In a TV talk show recently, former ISI Chief Hamid Gul was saying "Jalaluddin Haqqani is as Pakistani as I am". He also proudly revealed that he had sent his sons Omar and Abdullah to Jihad with Haqqanis. One shakes head listening to a former Chief of the ISI saying this, but not surprising to read Gen Asad Durrani who wrote in a column couple of weeks ago calling Ejaz Haider his "former comrade in arms", which makes it clear why Mr. Haider was so pissed with the BBC documentary that he quickly produced a denial.
Instead of questioning their deep-state on why the entire world complains about their double-games, Pakistani analysts like Mr. Haider continue forming perceptions to hide the facts, the way people of Pakistan have always been fed propaganda about Afghanistan.

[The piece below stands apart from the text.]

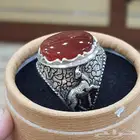 خاتم عقيق يماني احمر على كبدي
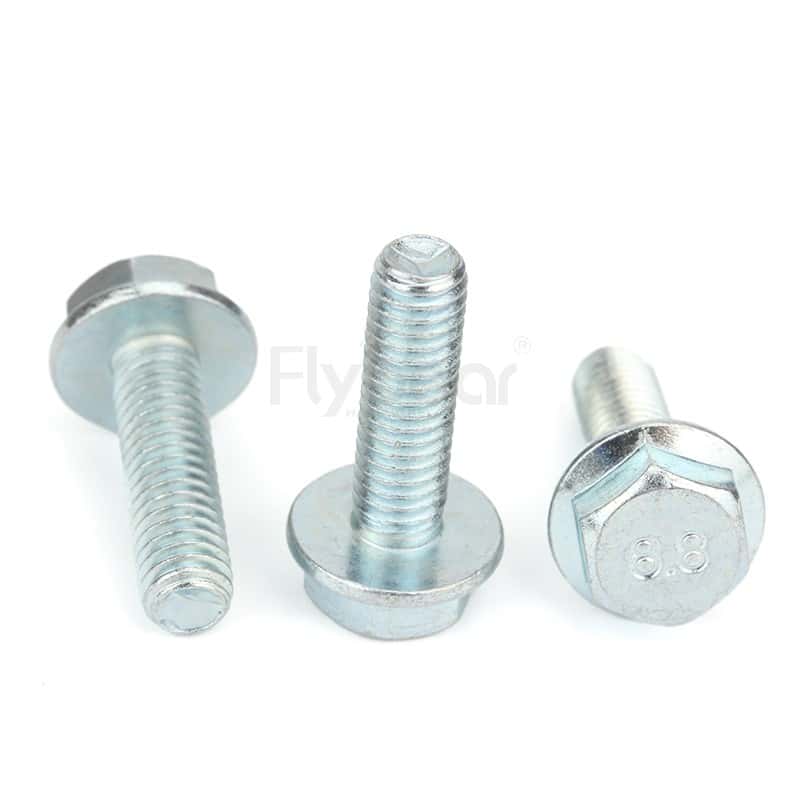 碳鋼8.8級(jí)藍(lán)白鋅六角頭法蘭螺栓DIN6921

It is a common myth among ordinary Pakistanis that; Taliban represent majority of Afghans, who support the 'Jihad' against the 'occupation' of foreign troops. Such is the level of shameless propaganda that recently a prominent columnist Orya Maqbool Jan was saying that Taliban control 80 percent of Afghanistan and they will come back to power.
There are rare voices of sanity in Pakistani media commenting on Afghanistan, but many of propagandists who feed the narrative of the military-jihadi nexus to common people. Recently Hamid Mir, another top TV anchor and columnist had invented a proverb referring to the Tajiks of Afghanistan. It is not his ignorance, but intentional propaganda when he makes up a proverb that does not exist.
And there is no language as Tajiki, as he had written in his column on Daily Jang Oct 24 provoking Tajik-Pashtun ethnic divide in Afghanistan. Unfortunately there are many of Hamid Mirs and Ejaz Haiders in Pakistani media who distort facts and make perceptions to promote a particular narrative and propaganda about Afghanistan.